TRY IT -
Nothing outside the lines below from the one containing "Tchibo Eduscho Pyjama Angebot" through the one containing "Mr. Superconductor Mr." is to be printed; print those exactly, ends included, and drop the pictures.
(RECORDS TO USE)
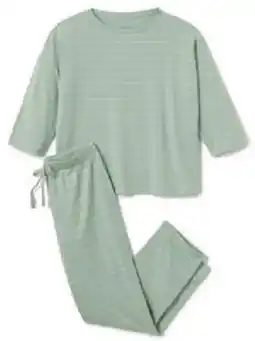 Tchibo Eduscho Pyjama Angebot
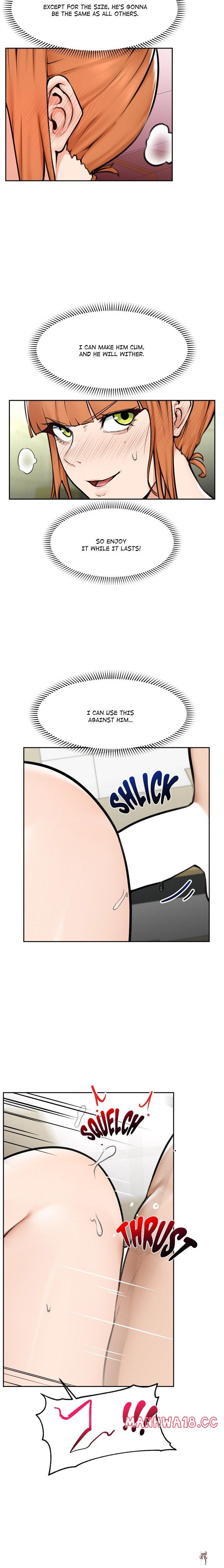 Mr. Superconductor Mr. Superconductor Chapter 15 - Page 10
(End RECORDS TO USE)
(RECORDS TO USE)
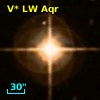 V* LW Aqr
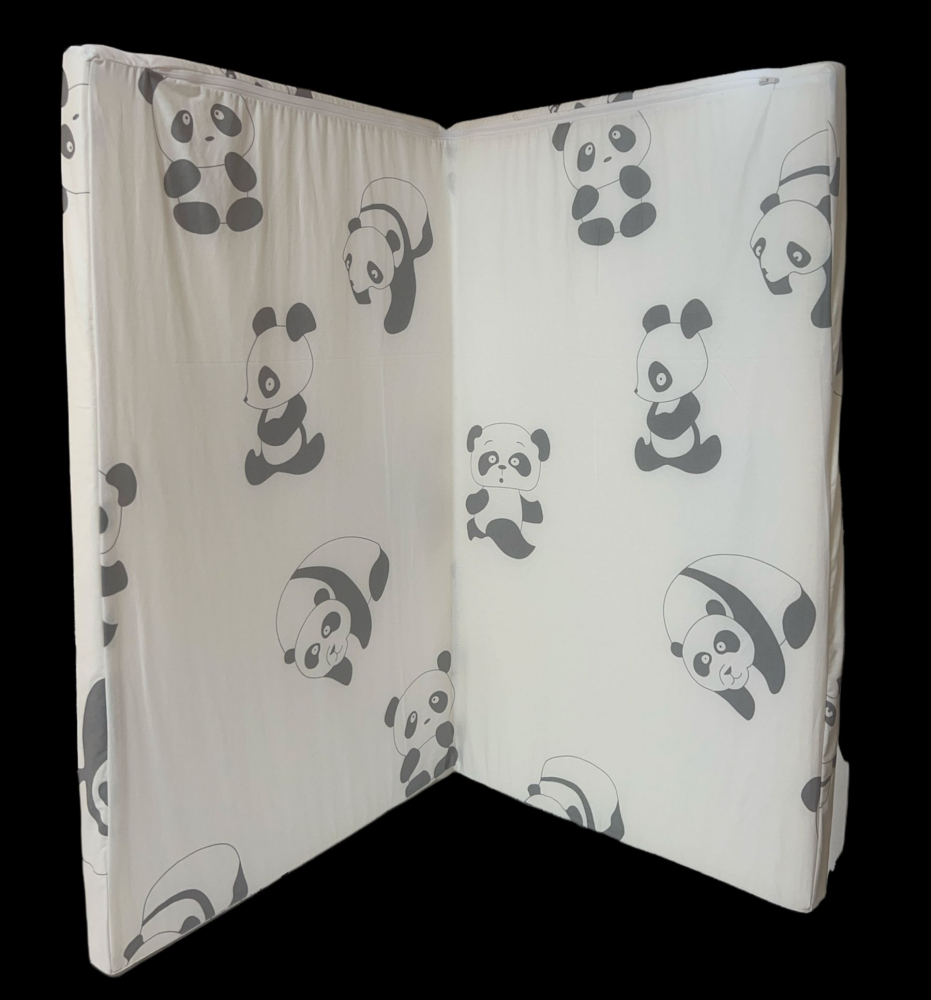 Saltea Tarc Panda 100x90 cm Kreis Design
(End RECORDS TO USE)
(RECORDS TO USE)
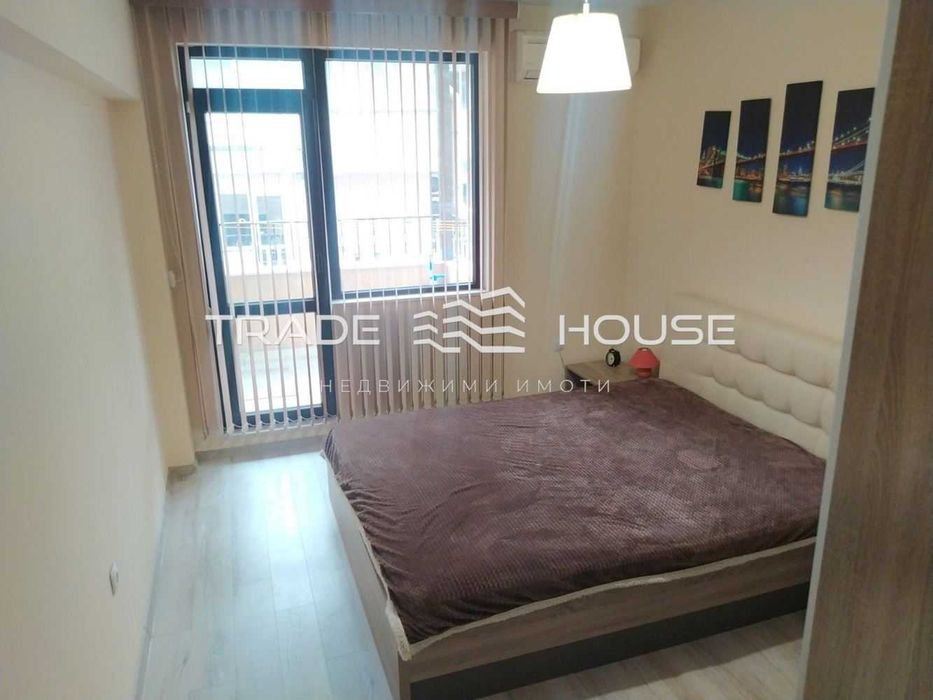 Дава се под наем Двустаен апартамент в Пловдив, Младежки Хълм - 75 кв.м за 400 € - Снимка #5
(End RECORDS TO USE)
EXPECTED ANSWER -
 Tchibo Eduscho Pyjama Angebot
 Mr. Superconductor Mr. Superconductor Chapter 15 - Page 10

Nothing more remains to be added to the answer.